In the records below, find the line with "Mercedes-Benz G-Class view 9", then retype it and every following line exactly, stopping after the line with "У Києві під". Leave the pictures out.

Data excerpts: Begin

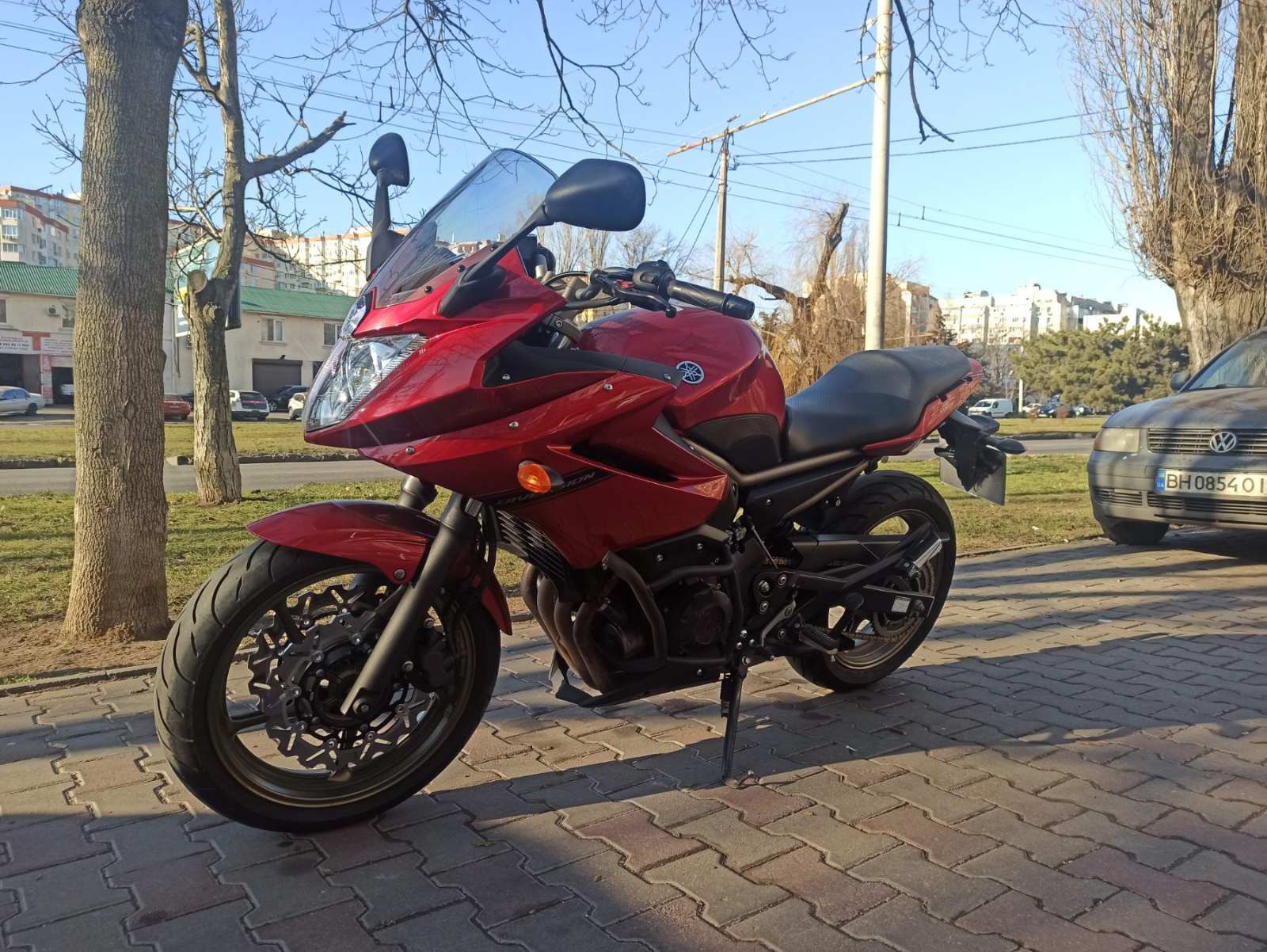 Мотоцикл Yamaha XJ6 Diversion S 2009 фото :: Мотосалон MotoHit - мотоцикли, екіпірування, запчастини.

Data excerpts: End
Data excerpts: Begin

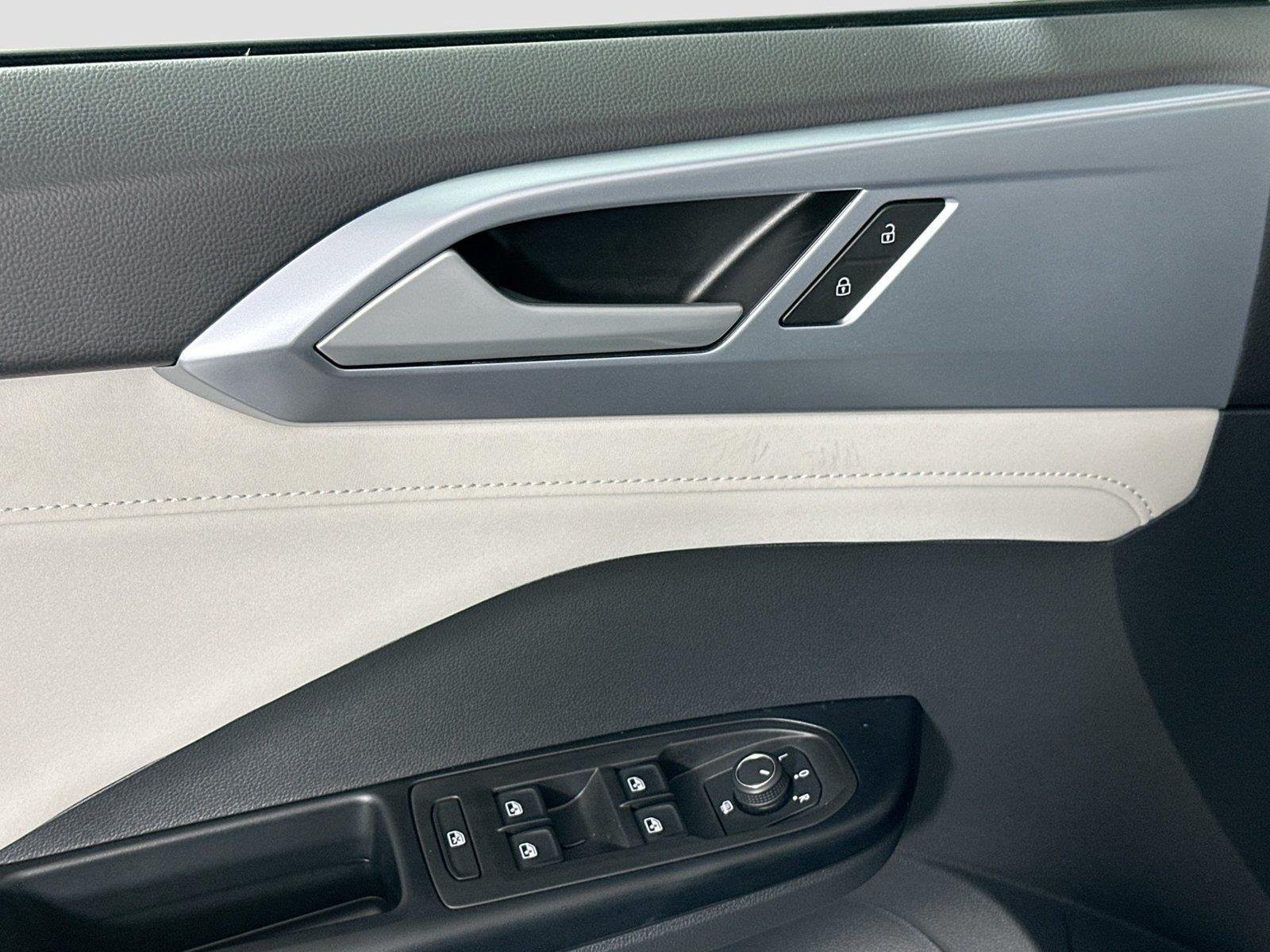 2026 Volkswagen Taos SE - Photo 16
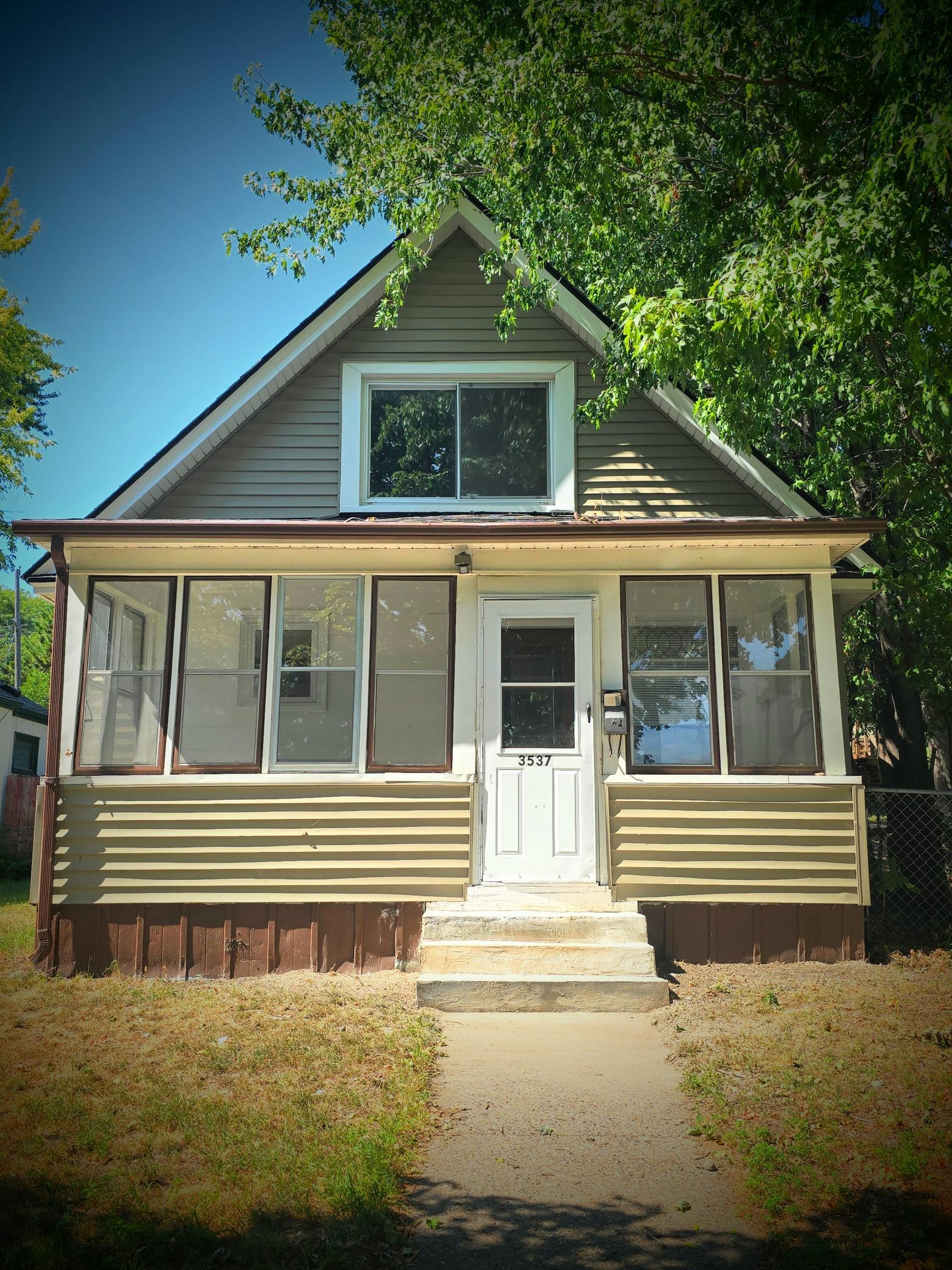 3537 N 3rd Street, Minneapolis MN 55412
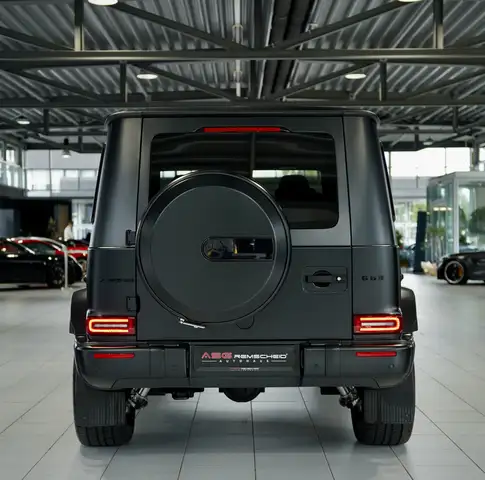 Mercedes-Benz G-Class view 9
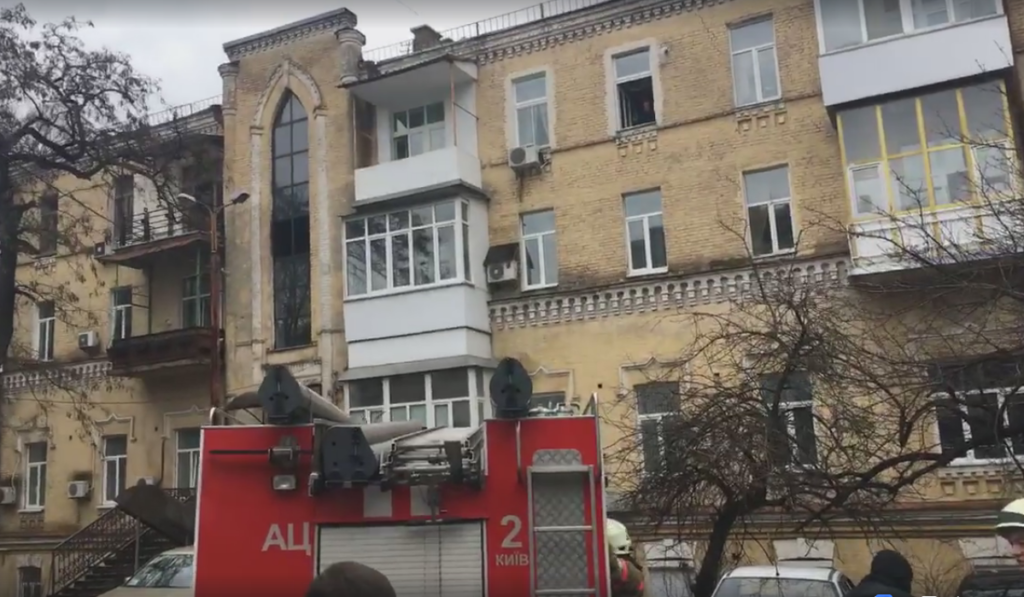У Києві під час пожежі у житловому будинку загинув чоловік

Data excerpts: End
Data excerpts: Begin

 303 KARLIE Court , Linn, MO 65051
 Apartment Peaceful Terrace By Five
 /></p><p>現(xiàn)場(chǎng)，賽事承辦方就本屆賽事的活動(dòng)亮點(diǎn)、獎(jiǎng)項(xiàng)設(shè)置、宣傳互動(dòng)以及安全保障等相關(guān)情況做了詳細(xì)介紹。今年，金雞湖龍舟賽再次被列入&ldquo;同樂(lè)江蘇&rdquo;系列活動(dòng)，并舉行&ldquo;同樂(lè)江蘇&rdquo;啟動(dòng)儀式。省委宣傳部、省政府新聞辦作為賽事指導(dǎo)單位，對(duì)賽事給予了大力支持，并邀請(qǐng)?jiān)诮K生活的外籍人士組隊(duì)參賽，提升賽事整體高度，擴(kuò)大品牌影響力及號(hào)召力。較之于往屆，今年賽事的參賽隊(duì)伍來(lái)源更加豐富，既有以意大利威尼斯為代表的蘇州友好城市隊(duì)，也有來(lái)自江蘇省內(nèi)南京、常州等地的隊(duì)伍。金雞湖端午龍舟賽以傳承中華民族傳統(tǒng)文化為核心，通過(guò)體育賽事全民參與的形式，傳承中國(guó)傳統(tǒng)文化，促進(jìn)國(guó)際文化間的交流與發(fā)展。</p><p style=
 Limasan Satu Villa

Data excerpts: End

# Task response:
 Mercedes-Benz G-Class view 9
У Києві під час пожежі у житловому будинку загинув чоловік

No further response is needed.